:: RECORDS TO PROCESS ::
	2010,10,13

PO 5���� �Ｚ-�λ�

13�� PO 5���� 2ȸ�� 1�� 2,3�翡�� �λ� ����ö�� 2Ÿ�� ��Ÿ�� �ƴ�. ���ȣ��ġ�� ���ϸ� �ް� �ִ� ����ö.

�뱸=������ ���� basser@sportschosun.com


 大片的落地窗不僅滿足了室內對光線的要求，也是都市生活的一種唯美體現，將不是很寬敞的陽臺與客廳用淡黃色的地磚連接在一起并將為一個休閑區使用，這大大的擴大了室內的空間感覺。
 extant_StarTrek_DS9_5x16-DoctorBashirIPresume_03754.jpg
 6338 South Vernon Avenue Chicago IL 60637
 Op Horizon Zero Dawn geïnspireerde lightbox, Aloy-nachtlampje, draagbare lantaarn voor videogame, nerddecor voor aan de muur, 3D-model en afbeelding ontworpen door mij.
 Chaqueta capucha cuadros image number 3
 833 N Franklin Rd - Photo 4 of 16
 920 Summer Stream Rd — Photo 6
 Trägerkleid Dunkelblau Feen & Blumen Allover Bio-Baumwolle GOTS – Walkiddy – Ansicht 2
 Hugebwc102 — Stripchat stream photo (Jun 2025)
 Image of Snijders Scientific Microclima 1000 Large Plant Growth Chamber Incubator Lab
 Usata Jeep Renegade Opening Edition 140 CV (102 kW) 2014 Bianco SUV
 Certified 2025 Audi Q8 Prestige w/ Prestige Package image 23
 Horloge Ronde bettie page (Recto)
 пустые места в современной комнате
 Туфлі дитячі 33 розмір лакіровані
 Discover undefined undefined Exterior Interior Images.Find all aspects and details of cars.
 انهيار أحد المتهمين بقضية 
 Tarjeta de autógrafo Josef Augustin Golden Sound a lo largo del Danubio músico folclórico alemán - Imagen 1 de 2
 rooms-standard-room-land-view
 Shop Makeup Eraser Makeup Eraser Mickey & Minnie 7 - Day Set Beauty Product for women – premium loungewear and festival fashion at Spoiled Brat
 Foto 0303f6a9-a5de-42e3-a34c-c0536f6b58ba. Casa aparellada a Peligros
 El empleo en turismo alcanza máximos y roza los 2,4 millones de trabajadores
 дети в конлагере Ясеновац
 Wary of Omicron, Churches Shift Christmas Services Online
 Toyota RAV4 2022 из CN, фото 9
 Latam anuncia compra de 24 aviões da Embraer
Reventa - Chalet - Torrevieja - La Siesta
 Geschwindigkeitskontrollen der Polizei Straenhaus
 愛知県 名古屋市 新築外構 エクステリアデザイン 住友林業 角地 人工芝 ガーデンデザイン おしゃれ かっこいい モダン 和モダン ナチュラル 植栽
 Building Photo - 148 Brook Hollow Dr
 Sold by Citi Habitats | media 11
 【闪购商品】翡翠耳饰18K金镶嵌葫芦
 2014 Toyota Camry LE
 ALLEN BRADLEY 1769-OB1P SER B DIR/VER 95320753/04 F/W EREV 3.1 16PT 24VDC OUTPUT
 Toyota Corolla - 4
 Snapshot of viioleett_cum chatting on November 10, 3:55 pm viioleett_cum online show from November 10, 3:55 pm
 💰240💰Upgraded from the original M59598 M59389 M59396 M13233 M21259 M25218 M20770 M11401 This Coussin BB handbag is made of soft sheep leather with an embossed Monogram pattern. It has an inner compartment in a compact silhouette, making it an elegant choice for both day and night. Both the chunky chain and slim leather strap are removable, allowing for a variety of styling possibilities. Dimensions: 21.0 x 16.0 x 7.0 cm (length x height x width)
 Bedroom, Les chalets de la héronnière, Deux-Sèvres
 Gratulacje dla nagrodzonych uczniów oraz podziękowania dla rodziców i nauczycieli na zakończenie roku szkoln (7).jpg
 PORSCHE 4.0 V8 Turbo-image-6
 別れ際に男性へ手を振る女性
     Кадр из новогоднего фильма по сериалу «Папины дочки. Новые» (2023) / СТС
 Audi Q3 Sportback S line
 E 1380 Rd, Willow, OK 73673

:: EXERCISE INSTRUCTIONS ::
Starting at the line that contains "Wary of Omicron, Churches" and stopping after the line that contains "Geschwindigkeitskontrollen der Polizei", write out every line exactly as it appears above, and no other line.

:: RESULT OF THE TASK ::
 Wary of Omicron, Churches Shift Christmas Services Online
 Toyota RAV4 2022 из CN, фото 9
 Latam anuncia compra de 24 aviões da Embraer
Reventa - Chalet - Torrevieja - La Siesta
 Geschwindigkeitskontrollen der Polizei Straenhaus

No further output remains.